WHAT THE TASK REQUIRES:
In this exercise, write out the data word for word and leave every image out.

SUPPLIED INFORMATION:
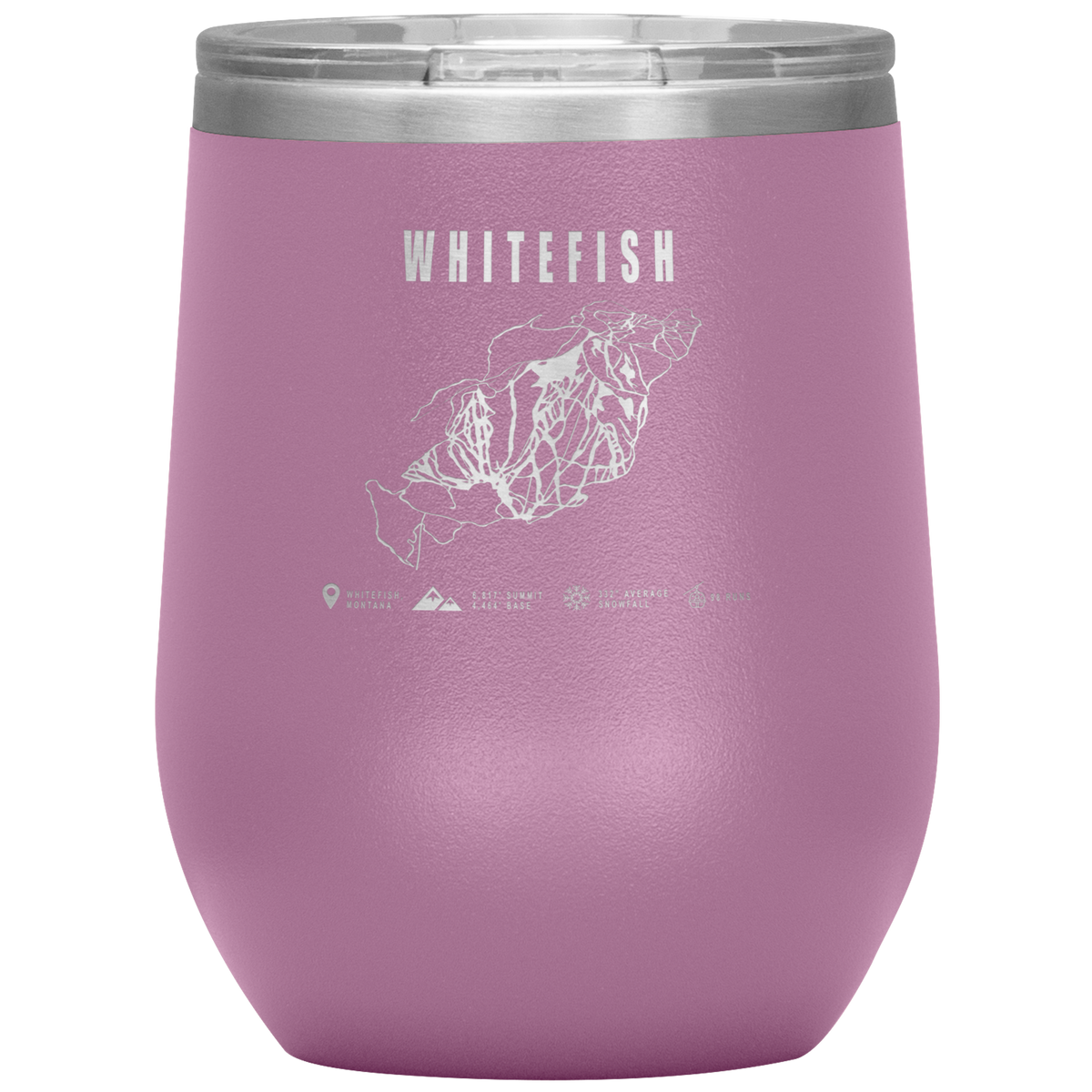 Whitefish Montana Ski Trail Map Wine 12oz Tumbler - Powderaddicts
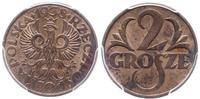 2 grosze 1938, Warszawa, piękna moneta z natural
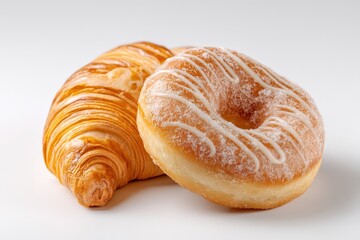 Close-up of a croissant and a glazed donut on white background.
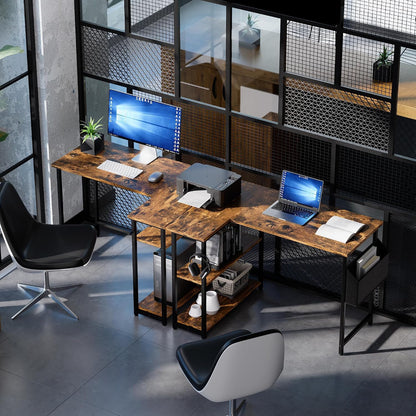 40 Inch L Shaped Computer Desk with Reversible Side Storage Shelves, Small Corner Desk for Small Space Home Office, Writing Study Table PC Desk for Bedroom, Black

RESULT OF THIS TASK:
 Whitefish Montana Ski Trail Map Wine 12oz Tumbler - Powderaddicts
 2 grosze 1938, Warszawa, piękna moneta z natural
 Close-up of a croissant and a glazed donut on white background.
 40 Inch L Shaped Computer Desk with Reversible Side Storage Shelves, Small Corner Desk for Small Space Home Office, Writing Study Table PC Desk for Bedroom, Black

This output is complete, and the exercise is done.